Le journalisme est un métier assez ouvert. Certes, il faut une formation de base très importante. Les écoles de formation sont utiles et indispensables. On ne peut pas embrasser une carrière sans faire la formation. Je n’ai pas fait d’école de journalisme mais je peux dire que j’ai fait une formation de journaliste dans les rédactions. Quand j’étais à Walfadjri, Tidiane Kassé me passait ses cours du Cesti pour me permettre d’avoir les rudiments de la profession. Je les relisais. J’étais bien encadré à l’époque par Tidiane Kassé, Abdourahmane Camara, Mademba Ndiaye. Ils faisaient des critiques sur mes articles. Je voyais un peu ce qui a été changé quand mes papiers étaient retouchés. Ils m’aidaient. Ils étaient assez généreux avec moi. Avec le temps, on acquiert certaines aptitudes et certaines compétences mais, je dis que la formation est nécessaire. Mais c’est important d’avoir aussi un certain background, une certaine culture générale. De plus en plus, je pense que pour être un bon journaliste, il faut avoir un profil spécialisé dans un domaine précis. Quand vous avez connaissance d’une matière, vous en parlez, pas avec autorité, mais d’une voix plus crédible. La spécialisation se fait par une formation mais aussi par le fait qu’on développe un certain centre d’intérêt.
Un greffier qui est devenu patron de presse. Ils sont nombreux à s’interroger sur l’origine de votre fortune ?

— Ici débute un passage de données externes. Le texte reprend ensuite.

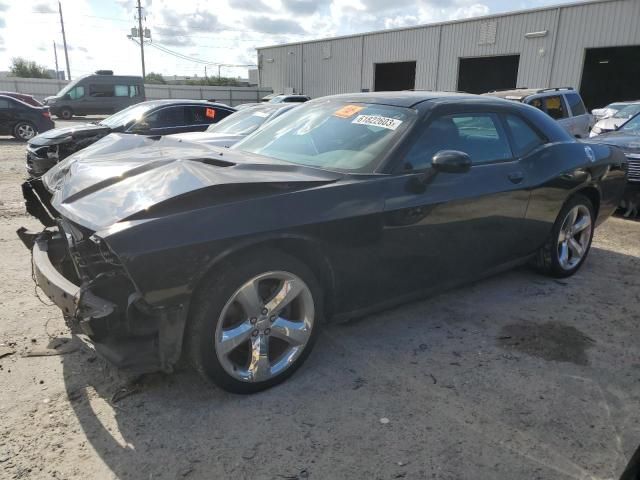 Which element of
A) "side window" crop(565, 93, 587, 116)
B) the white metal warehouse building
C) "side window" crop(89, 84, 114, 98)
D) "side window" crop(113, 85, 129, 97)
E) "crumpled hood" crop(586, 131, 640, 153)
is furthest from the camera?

Je pense que c’est une question qui n’est pas tabou pour moi parce que je suis le seul, je crois, à répondre à cette question qui revient à chaque interview.
Juste les Américains qui sont derrière vous ?
Moi je n’ai pas de complexe de dire que des Américains sont derrière moi et m’appuient. Effectivement, il y a des Américains qui m’ont appuyé pour développer mes activités. En 2006, j’ai bénéficié d’un appui très conséquent d’une Ong américaine qui s’appelle Média Développement Loan Fund. Ils m’ont identifié comme quelqu’un qui a du courage et qui prend des initiatives dans un environnement économique difficile pour la presse. Leur mode d’intervention consiste à aider une entreprise de presse qui se trouve dans des zones où l’exercice du métier de journalisme est difficile. Donc il n’y a aucun mystère par rapport à cela. J’ai publié des communiqués en ce sens. Ils ont été au Sénégal. Ils ont rencontré l’ensemble des patrons de presse mais ils ont estimé que c’est avec moi qu’ils devaient travailler et c’est moi qu’ils ont choisi.
Certains disent que vous bénéficiez d’un autre soutien financier ?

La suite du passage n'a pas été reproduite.